Great Wall Motor, Changan, and GAC Aion followed with 10 to 20 per cent cuts to win footfall. A senior Great Wall Motor Thailand executive summed it up as a fight to survive, then warned the cycle of discounts trains buyers to wait, which drains cash across the sector.
Neta Bankruptcy
Neta Auto has been the first major casualty. The brand once held 12 per cent of Thailand’s EV market in 2023, selling 12,000 units that year.
Its parent, Zhejiang Hozon New Energy Automobile, filed for bankruptcy in June 2025 with 1.4 billion dollars in debt and losses above 1.4 billion dollars. A rapid push to grow gave way to service backlogs, parts shortages, and a 48.5 per cent sales drop in early 2025.
The crash has been harsh for Thailand. Neta’s dealer network has shrunk from 60 to 40 outlets, and more closures may follow. Unpaid subsidies worth up to 400 million baht have left dealers short of cash.
One operator in Nonthaburi says orders went unpaid, and legal action for 200 million baht is underway. Another large group has closed eight of its eleven sites, citing broken trust with buyers and suppliers.
Owners are bearing the brunt. More than 20,000 Neta drivers face months-long waits for repairs, often near ten months, and worry about warranties. A teacher in Chiang Mai who bought a Neta V in 2023 has turned to third-party cover after a failed central display unit and says parts are impossible to get. Insurers, including Allianz Ayudhya, are raising premiums or billing owners directly, wary of failing after-sales support.
Dealer Discount Practices
Thailand’s Office of the Consumer Protection Board has begun a class-action review and called in Neta executives to protect customers. The Excise Department, enforcing EV3.0 incentives, has ordered Neta to build 19,000 units locally this year.
Only about 4,000 have been produced so far, which makes the target improbable. Officials say Neta Thailand is a distinct entity, yet the parent’s problems could spill over.
Thailand still aims for EVs to make up 30 per cent of production by 2030, though experts caution that price alone cannot drive durable growth. Quality, service and stable finance will matter most.

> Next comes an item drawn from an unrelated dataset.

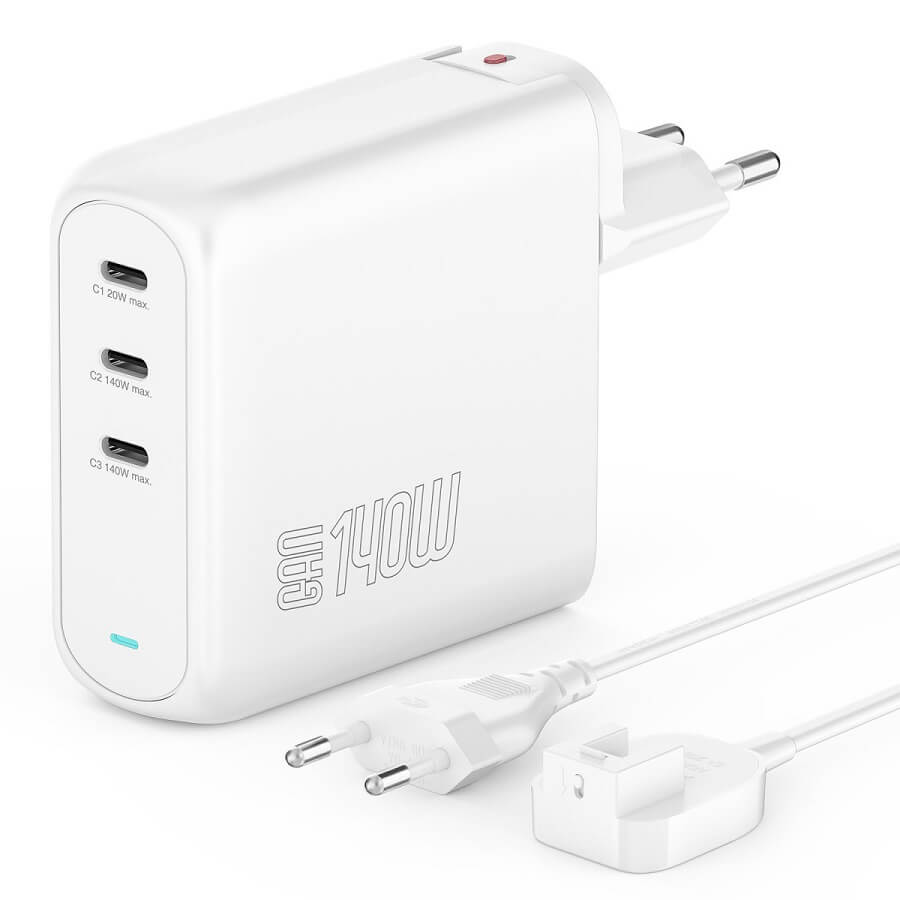 Зарядно за Macbook с USB-C x3, 4Smarts Flex Pro GaN 140W, Бял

BYD looks stronger than its peers, with a new plant in Rayong capable of 150,000 vehicles a year, and it remains largely intact for now. Even so, its Thai operations drew scrutiny in 2024 over dealer discount practices, which keeps pressure on its brand.
For drivers like the Bangkok fleet owner, the promise of affordable electric cars now feels risky. He had hoped for progress, yet he is parking cars and waiting for answers. With recalls piling up, brands slashing prices, and one rival already down, Thailand’s route to mass EV adoption looks bumpy and far longer than planners expected.